The prevalence of supraventricular tachycardia is low in the neonatal period, when its onset may go undetected, the symptoms are often nonspecific, and control is difficult to achieve, although the intermediate- to long-term prognosis is very good, as a high percentage of these patients are asymptomatic without treatment by age 1 year.20 In our study, we found a high incidence of heart disease (more than 50% of the patients had some type of structural anomaly) compared to other studies that reported percentages of structural heart disease between 7% and 19.7%.21,22 However, these diseases were not severe, and none of the patients died. In fact, heart failure was only documented in 4 (22.2%), in contrast to the 48% reported in other studies.21

The approach to the management of tachycardia did not differ from the clinical guidelines published by the American College of Cardiology, American Heart Association and European Society of Cardiology in either the acute phase or the maintenance phase.8 The management was fundamentally based on the condition of the patient. Adenosine was the first drug administered to every patient, as they were all haemodynamically stable. As regards maintenance treatment, the most recent recommendations support the use of flecainide as one of the most effective drugs for long-term control of neonatal SVTs, since it is very effective in preventing recurrence and has few side effects in patients with healthy hearts. In our patients, the most frequent pharmacological treatment was flecainide in combination with a beta blocker, and it was highly effective in controlling arrhythmia.

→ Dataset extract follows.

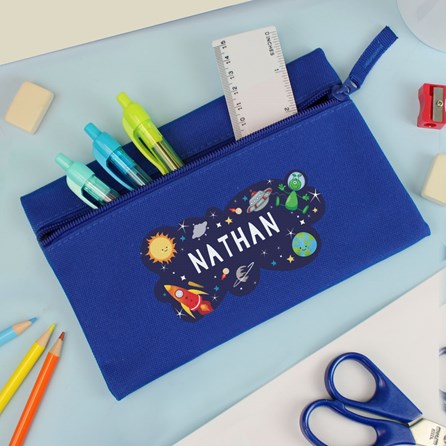 Personalised Space Pencil Case in Blue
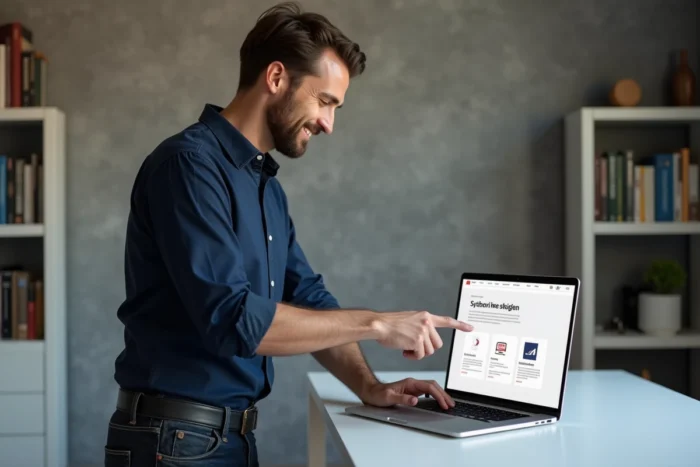 Homme consultant le site officiel de Brikstok ex Flozor pour découvrir les avantages du changement de nom sur son ordinateur portable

Up to 71.4% of patients require 2 or more drugs for tachycardia control. Following the appropriate adjustments in the selection of drugs and their dosage, patients usually remain asymptomatic until treatment can be discontinued. Etheridge and Judd reported that 76% of the patients they followed up until age 1 year no longer needed medication and were free from SVT.20

We found a significant association between GERD and SVT in newborns (P=.01). This may be explained by the anatomical relationship of the oesophagus and the heart, as the thoracic portion of the oesophagus is right behind the left atrium, and the potential stimulus of acid at this level could act as a trigger or perpetuator of SVT. A current study published on behalf of the European Society of Cardiology discusses potential atrial arrhythmogenic mechanisms in patients with GERD, such as inflammation, impaired autonomic stimulation or mechanical irritation due to anatomical proximity.23 Furthermore, there is evidence that failure to diagnose GERD could hinder the management of SVT. The time elapsed to the control of tachycardia in patients with GERD is longer compared to patients without GERD, which suggests that it is more difficult to control arrhythmia when it is associated with reflux.

This study is the first to demonstrate a causal link between GERD and SVT in newborns. Although the sample was small, it is important to take this risk factor into account in order to optimise treatment and improve outcomes. Prospective multicentric studies are needed to confirm our results and determine the degree of causality or strength of the association of GERD in the development of SVT during the neonatal period.

Our study found an association between GERD and SVT in the neonatal period, and that this association resulted in an increased difficulty in controlling tachycardia with pharmacological treatment. Thus, it is important to consider the potential presence and appropriate treatment of GERD in newborns with SVT to reduce the duration of arrhythmia and prevent potential complications.

The authors have no conflict of interests to declare.